Algunos detalles superan la fantasía infantil, a veces se acercan a trampas sádicas. La puerta principal es pivotante, y al abrirse barre su lado opuesto unos 50 cm, allá fácilmente puede machacarse un niño o al menos recibir una “bofetada”. Si durante las comidas un niño quiere apoyarse, simplemente se caerá. No hay sillas en el comedor, solo bancos sin respaldo. La entrada a la sala de TV (biblioteca) hay que buscarla, ésta casi escondida detrás de una pared.

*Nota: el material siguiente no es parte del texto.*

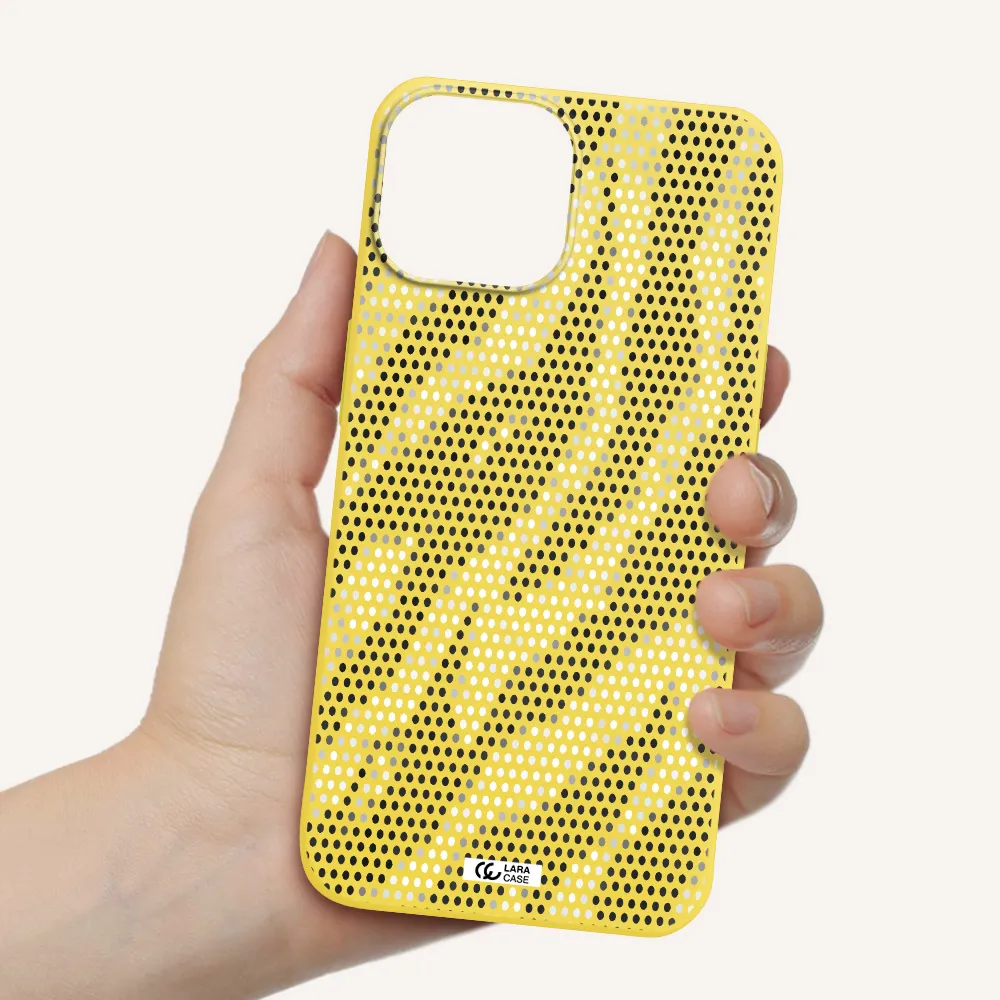 Zebra Dots Apple iPhone 13 Silicone canary yellow Case
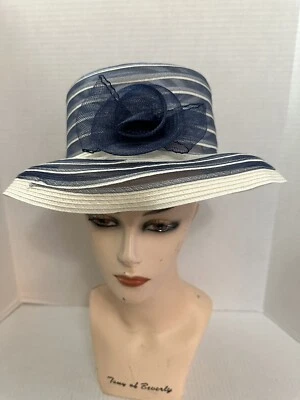Sombrero Fascinador Vintage Azul Y Crema Derby Fiesta Boda Iglesia Foto 1 de 4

Ya he oído muchas reflexiones profundas que tratan de explicar las soluciones tomadas para la creación de la nueva escuela y también sus altísimos costes, pero sigo sin entender porqué un edificio dedicado a educar las futuras generaciones debería tener un halo de hermetismo. El hermetismo en arquitectura se puede quizá justificar en las iglesias prerrománicas, y esto solo por las ansias de poder de las capas superiores y la triste ignorancia del vulgo, ¿pero “fuerte hermetismo” en una escuela a finales del siglo 20? Pienso que no se debieran glorificar arquitecturas que no están concebidas para cumplir con sus preceptos, en este caso los de educar a los niños en una harmonía con su entorno. Estoy recordando la vieja escuela de mis primeros años escolares, con pasillos anchos y largos, escaleras amplias y aulas grandes – los maestros en su mayoría eran “politicamente correctos”, tiempos de la guerra fría, pero la escuela era estupenda. Y sigo pensando en la validez de la frase de A. Loos: “….el arte es revolucionario y la arquitectura conservadora…”. En fin, tengo la esperanza y la fe puestas en los aires de Morella; ellos envolverán y suavizarán las formas punzantes de su nueva escuela.